Heavily dependent on gas supplies from Russia, it has been governed since 2009 by various pro-Western coalitions. Even the opposition communists have now publicly supported signatures of the pact.
Attending a Russia-Moldova joint economic meeting late last year, Dmitry Rogozin, a Russian deputy prime minister and Kremlin envoy to Transdniestria, warned Moldova against not being too quick to rush into the EU.
“Traveling at such a speed, a locomotive can lose its rear carriages,” he said.
But opinion polls in Moldova show as many as 45 percent of the population would prefer membership of the Russia-led Customs Union rather than a European future.
In one southern region inhabited by about 140,000 ethnic Gagauz, a Turkic people, an overwhelming majority of voters in an illegal referendum voted for integration into the Russian-led Customs Union last February.
But Russia’s biggest trump card lies in Transdniestria, a ragged Russian-speaking strip of land running down Moldova’s eastern border with Ukraine where opposition to the pro-Western policies of the Chisinau government runs strong.
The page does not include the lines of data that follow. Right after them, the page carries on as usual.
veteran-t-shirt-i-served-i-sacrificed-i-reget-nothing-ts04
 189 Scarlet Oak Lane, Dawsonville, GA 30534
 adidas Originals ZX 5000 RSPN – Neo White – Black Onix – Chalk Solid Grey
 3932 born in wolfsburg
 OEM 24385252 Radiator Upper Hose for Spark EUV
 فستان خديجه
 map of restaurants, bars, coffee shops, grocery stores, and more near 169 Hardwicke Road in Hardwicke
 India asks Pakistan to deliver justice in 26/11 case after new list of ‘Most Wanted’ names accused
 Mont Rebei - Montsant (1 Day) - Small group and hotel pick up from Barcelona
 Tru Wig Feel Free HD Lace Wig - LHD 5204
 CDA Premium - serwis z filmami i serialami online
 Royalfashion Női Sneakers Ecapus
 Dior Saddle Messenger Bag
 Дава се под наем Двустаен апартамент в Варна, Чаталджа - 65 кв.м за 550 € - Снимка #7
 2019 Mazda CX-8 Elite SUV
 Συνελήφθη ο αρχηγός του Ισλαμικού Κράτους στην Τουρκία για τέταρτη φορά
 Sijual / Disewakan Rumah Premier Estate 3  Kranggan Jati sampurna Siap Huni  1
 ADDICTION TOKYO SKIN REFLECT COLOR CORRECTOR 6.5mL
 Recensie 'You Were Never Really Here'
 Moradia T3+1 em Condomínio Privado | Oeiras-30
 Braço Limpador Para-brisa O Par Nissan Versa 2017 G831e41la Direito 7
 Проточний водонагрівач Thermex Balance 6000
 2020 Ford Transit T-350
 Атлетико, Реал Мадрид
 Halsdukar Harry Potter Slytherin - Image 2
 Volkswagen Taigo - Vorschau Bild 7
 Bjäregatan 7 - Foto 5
With a population of about 500,000 it is home to at least 1,200 Russian soldiers who guard tonnes of Soviet-era weaponry and ammunition. Commentators in Chisinau see it is as a sleeping dog that could swiftly be aroused if Moscow wished to foment unrest among Russian-speakers in the region.
“Over the longer term I think we can expect Russia trying to build up a stronger constituency in domestic politics in Georgia and supporting anti-European parties,” said de Waal.
“Moldova is under much greater pressure and Russia has more cards to play there. Transdniestria has applied to join the Russian Federation and can be exploited.”
Whether Russia has now quietly accepted the inevitability of a signature by the two states later in June is not clear. Nor is it known what retaliatory steps - possibly in trade restrictions of some sort - Moscow might make.
Russian Foreign Minister Sergei Lavrov is scheduled, however, to visit Chisinau on either June 17 or 18, giving him a last chance to spell out Moscow’s view.
“It is Georgia’s sovereign right to sign the Association Agreement with the EU, but it should also understand possible consequences,” Russian Foreign Ministry spokesman Alexander Lukashevich told a news conference last month.
“Georgia’s sovereign rights should be exercised without damaging the rights of others ... It is very important to understand the consequences which the upcoming signing of the Association Agreement between Georgia and the EU on June 27 may have.”